Lemury


Poprzedni weekend był u nas długim weekendem (wreszcie jakieś wolne bo oczywiście 1 i 3 maja zasuwałam do pracy). Zjechała do nas rodzina z Pennsylwani (dni wolnych jest tu mało, więc nikt za bardzo nas nie odwiedza bo nie ma kiedy), więc przygotowaliśmy długą listę atrakcji, w tym wizytę u lemurów.
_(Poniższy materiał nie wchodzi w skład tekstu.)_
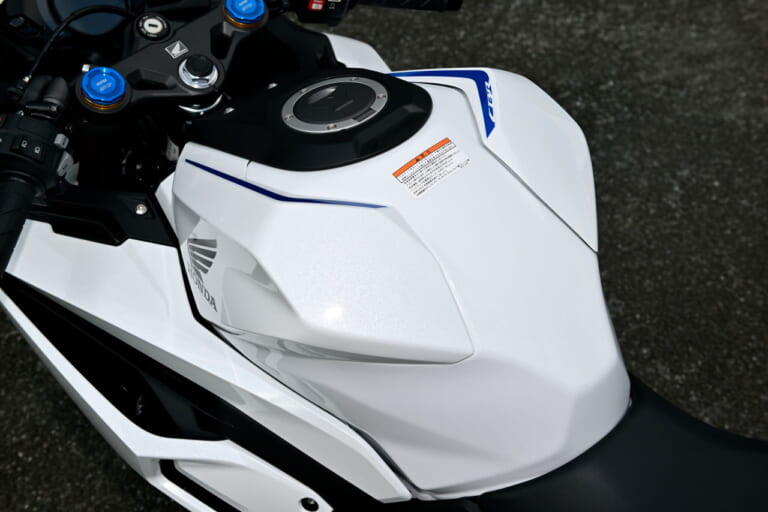 ホンダ|CBR250RR|2023年モデル|ホンダ新型「CBR250RR」2/20発売! 1psパワーアップ&トラコン採用、足まわりも強化してニューデザインに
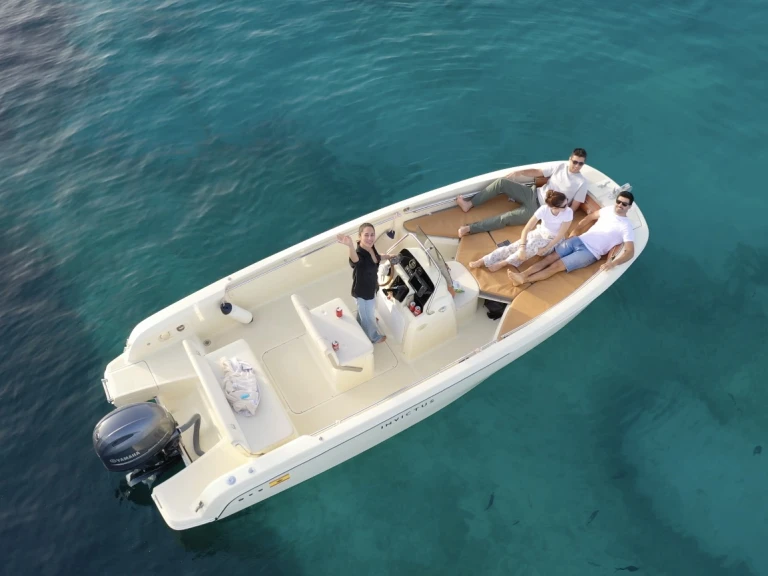 Pronajmout si Invictus  FX 190 v Club Nàutic Santa Ponsa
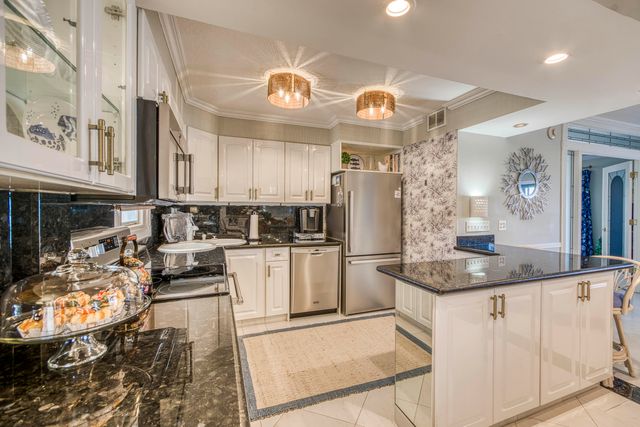 1208 Marine Way G4, North Palm Beach, FL 33408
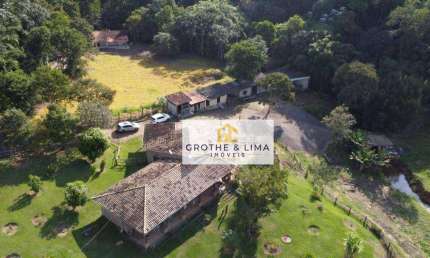 Sítio com 2 dormitórios à venda, 338800 m² por R$ 2.500.000,00 - Mato Dentro - Tremembé/SP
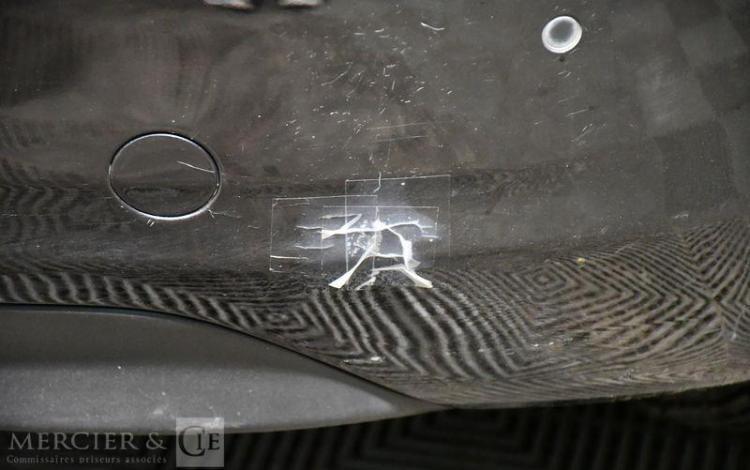 PEUGEOT 208 STYLE NOIRE EZ-068-GC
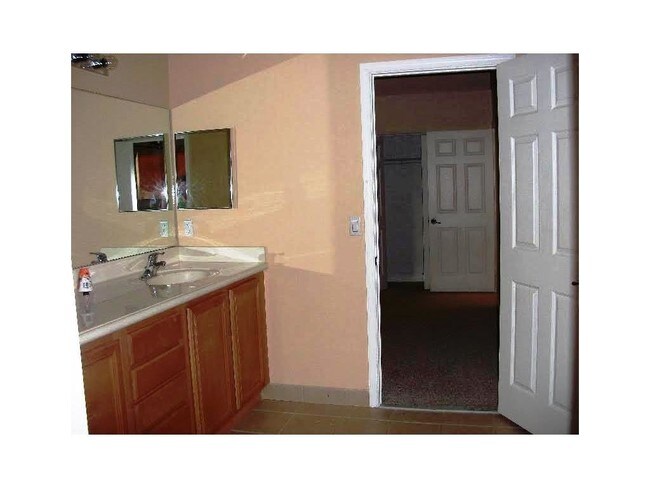 Building Photo - 134 SE Crestwood Cir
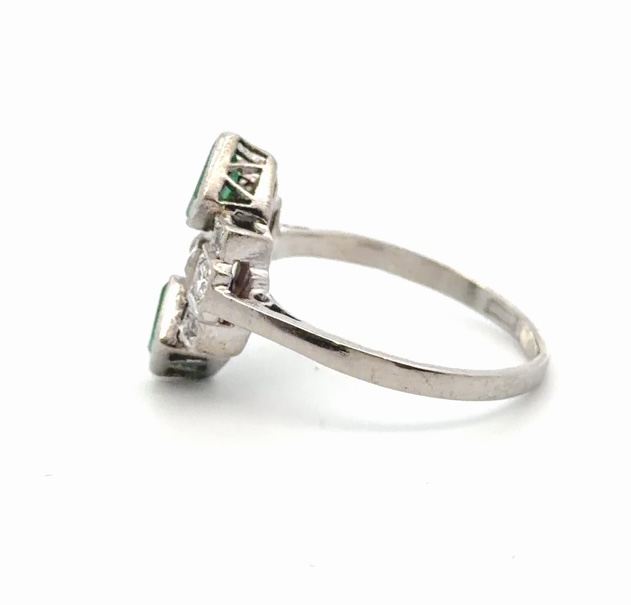 Emerald & Diamond Antique Ladies Estate Ring 077350 - Image 2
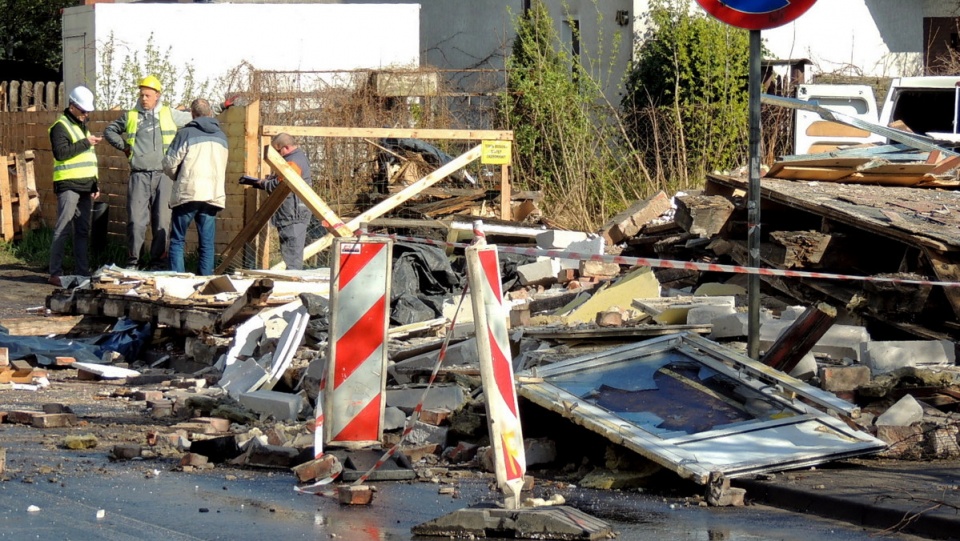 Podczas prac wyburzeniowych zawaleniu uległa konstrukcja budynku przy ul. Podgórnej w Toruniu. Fot. Michał Zaręba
Mamy bowiem u nas Lemur Center, które jest największą populacją lemurów poza Madagaskarem. A przynajmniej tak nam powiedziano, wierzę na słowo. Zazwyczaj trzeba zapisać się w kolejkę i na bilet czeka się tygodniami, ale ze względu na długi weekend postanowili zrobić Open House, czyli takie swobodne zwiedzanie bez przewodnika.
Te regularne wejścia mogą być normalne, czyli idę i oglądam lemury, można też wybrać fantazyjną i mało przystępną cenowo opcję jak Maluj z lemurami (tak one malują obrazy, przykłady na zdjęciach poniżej) czy Zostań opiekunem lemura na jeden dzień (tak, zbierasz kupy lemurów i jeszcze musisz za to zapłacić, koszt to ok. 1300zł plus podatek). Można też lemura "adoptować", czyli wpłacić trochę kasy i Twoje imię będzie wisiało na jego klatce 😎


Nasz ośrodek jest częściowo naukowy, badają jak się u tych lemurów rozwija Alzheimer, więc robią im skany mózgów co jakiś czas i przeprowadzają też inne badania, zależy co się akurat napatoczy.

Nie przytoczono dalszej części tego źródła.